(Reuters) – U.S. stock indexes were set to open near record highs on Thursday and the S&P 500 was on course for its best year since 2013 on optimism over an imminent U.S.-China trade deal.
Traders returned from the Christmas break to Beijing’s reaffirmation that it was in close contact with Washington about the initial agreement, which is widely expected to be signed in early January.
President Donald Trump on Tuesday confirmed that the pact would be formalized at a signing ceremony, but did not disclose a date or location.
“It looks like everybody had a good Christmas, and that is slopping over into today’s stock action,” said Kim Forrest, chief investment officer at Bokeh Capital Partners in Pittsburgh.

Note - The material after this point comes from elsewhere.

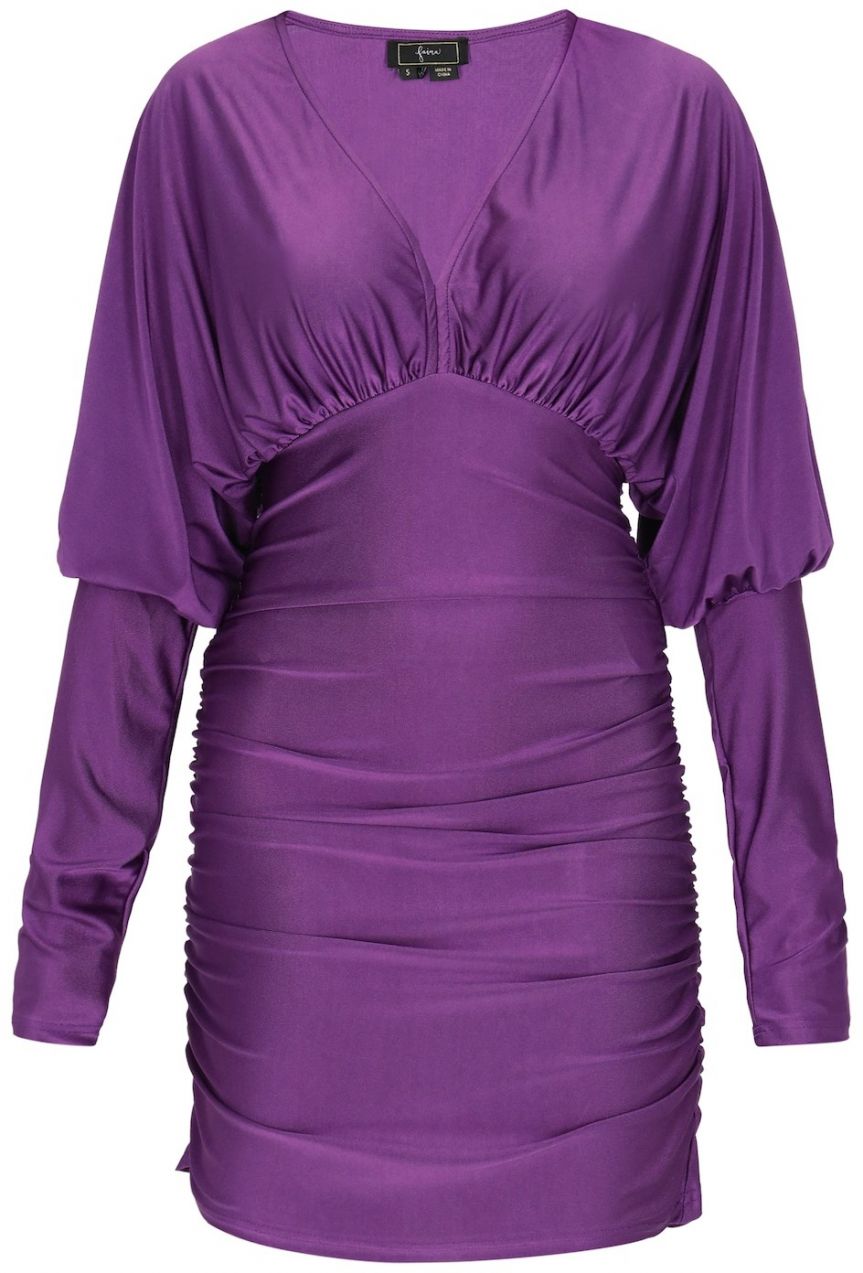 faina Kokteilové šaty  černicová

Hopes of a breakthrough in the prolonged trade war, combined with a loose monetary policy and robust domestic data, have powered U.S. stocks to record highs in the past few weeks.
The S&P 500 is about one percentage point short of its best year since 1997.

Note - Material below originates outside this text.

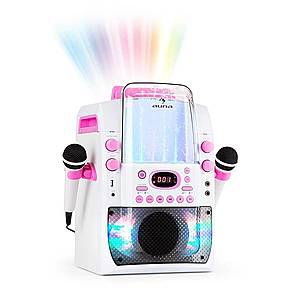 Auna Kara Liquida BT karaoke készülék, fény-show, szökőkút, bluetooth, fehér/rózsaszín kép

At 8:34 a.m. ET, Dow e-minis 1YMcv1 were up 37 points, or 0.13%. S&P 500 e-minis EScv1 were up 5.5 points, or 0.17% and Nasdaq 100 e-minis NQcv1 were up 16.5 points, or 0.19%.

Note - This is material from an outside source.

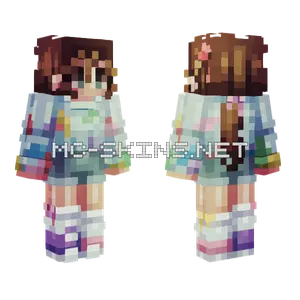 Paint Splatter Persona Minecraft skin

Trading volumes are expected to remain thin this week.
The recent gains have come as a relief to investors anxious of a repetition of the volatility from December 2018, when escalating trade tensions led to the worst December on Wall Street since the Great Depression.
A Labor Department report on Thursday showed that the number of Americans filing for unemployment benefits fell last week, indicating resilience in the labor market.
Underlining relatively strong consumer confidence, a report on Wednesday showed U.S. shoppers spent more online during the holiday shopping season, with e-commerce sales hitting a record high.
Among the handful of corporate movers premarket, Tesla Inc (TSLA.O) shares edged up 0.6% as Wedbush boosted its price target on the electric-car maker’s stock, partly on expectations of strong U.S. demand for the Model 3 sedans.